First, we need to find a closed-form expression for f(n)=\sum_{i=1}^n\sum_{j=1}^{n} (i-j)^2 by summing each term involving j and treating terms involving i as a constant. Thus, we have

f(n)=\sum_{i=1}^n\sum_{j=1}^{n} (i-j)^2=\sum_{i=1}^n\sum_{j=1}^{n} (i^2-2ij+j^2)=\sum_{i=1}^n[i^2\sum_{j=1}^n 1-2i\sum_{j=1}^n j+\sum_{j=1}^n j^2]

=\sum_{i=1}^n[ni^2-2i\cdot \displaystyle\frac{n(n+1)}{2}+\displaystyle\frac{n(n+1)(2n+1)}{6}

=n\sum_{i=1}^n i^2-n(n+1)\sum_{i=1}^n i+\displaystyle\frac{n(n+1)(2n+1)}{6}\sum_{i=1}^n 1

=n\cdot \displaystyle\frac{n(n+1)(2n+1)}{6}-n(n+1)\cdot \displaystyle\frac{n(n+1)}{2}+\displaystyle\frac{n(n+1)(2n+1)}{6}\cdot n

=n^2(n+1)[ \displaystyle\frac{2n+1}{3}-\displaystyle\frac{n+1}{2}]

=\displaystyle\frac{n^2(n^2-1)}{6}

Thus, f(n)=\displaystyle\frac{n^2(n^2-1)}{6}. We then find all positive integers N such that f(N)=t^2 for some nonnegative integers

t. This is equivalent to N^2(N^2-1)=6t^2 or (2N^2-1)^2=24t^2+1. Letting x=2N^2-1. We have x^2-24t^2=1, a Pell’s equation. The general solution for this equation is given by

x_k=\displaystyle\frac{(x_1+t_1\sqrt{24})^k+(x_1-t_1\sqrt{24})^k}{2}, t_k=\displaystyle\frac{(x_1+t_1\sqrt{24})^k-(x_1-t_1\sqrt{24})^k}{2\sqrt{24}}

 

For all integers k\geq 0, where (x_1,t_1) is the initial solution. Clearly, by testing values with t_1>0, we have (x_1,t_1)=(5,1). Thus, we can then make a sequence \{N_k\}_{k\geq 0} of values of N based from the solutions of the given Pell’s equation.
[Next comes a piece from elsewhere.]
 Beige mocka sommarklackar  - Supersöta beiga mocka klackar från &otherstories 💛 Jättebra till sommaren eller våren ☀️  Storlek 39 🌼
Note that

N_k^2=\displaystyle\frac{x_k+1}{2}=\displaystyle\frac{1}{2}[\displaystyle\frac{(5+\sqrt{24})^k+(5-\sqrt{24})^k}{2}+1]

=\displaystyle\frac{1}{2}[\displaystyle\frac{(5+2\sqrt{6})^k+(5-2\sqrt{6})^k}{2}+1]

=\displaystyle\frac{1}{2}[\displaystyle\frac{(\sqrt{3}+\sqrt{2})^{2k}+(\sqrt{3}-\sqrt{2})^{2k}}{2}+1]

=\displaystyle\frac{(\sqrt{3}+\sqrt{2})^{2k}+2+(\sqrt{3}-\sqrt{2})^{2k}}{4}

=[\displaystyle\frac{(\sqrt{3}+\sqrt{2})^k+(\sqrt{3}-\sqrt{2})^k}{2}]^2

Thus, we have N_k=\displaystyle\frac{(\sqrt{3}+\sqrt{2})^k+(\sqrt{3}-\sqrt{2})^k}{2}. Since

(\sqrt{3}+\sqrt{2})^k=\sum_{p=0}^k {k\choose p}3^{\frac{p}{2}}\cdot 2^{\frac{k-p}{2}}(\sqrt{3}-\sqrt{2})^k=\sum_{p=0}^k {k\choose p}3^{\frac{p}{2}}\cdot 2^{\frac{k-p}{2}}(-1)^p

we have N_k=\sum_{m=0}^{\lfloor \displaystyle\frac{k}{2}\rfloor} {k\choose 2m}3^m\cdot 2^{\frac{k}{2}-m},  which follows that  N_k  is an integer when k  is even. Thus, it suffices to check the values of  N_k  for  k\leq \log_{\sqrt{3}+\sqrt{2}} 200<7 (since N_k\leq 1000) and \sqrt{3}+\sqrt{2}>1.7+1.4=3.1>3  implies  (\sqrt{3}+\sqrt{2})^7>2187>2000.) Thus, k\in \{0,2,6\}, so by brute force calculation we get N_0=1,N_2=5,N_4=49 and N_6=485. Therefore, the sum of all integers N\leq 1000 such that f(N) is a perfect square is 1+5+49+485=\boxed{540}.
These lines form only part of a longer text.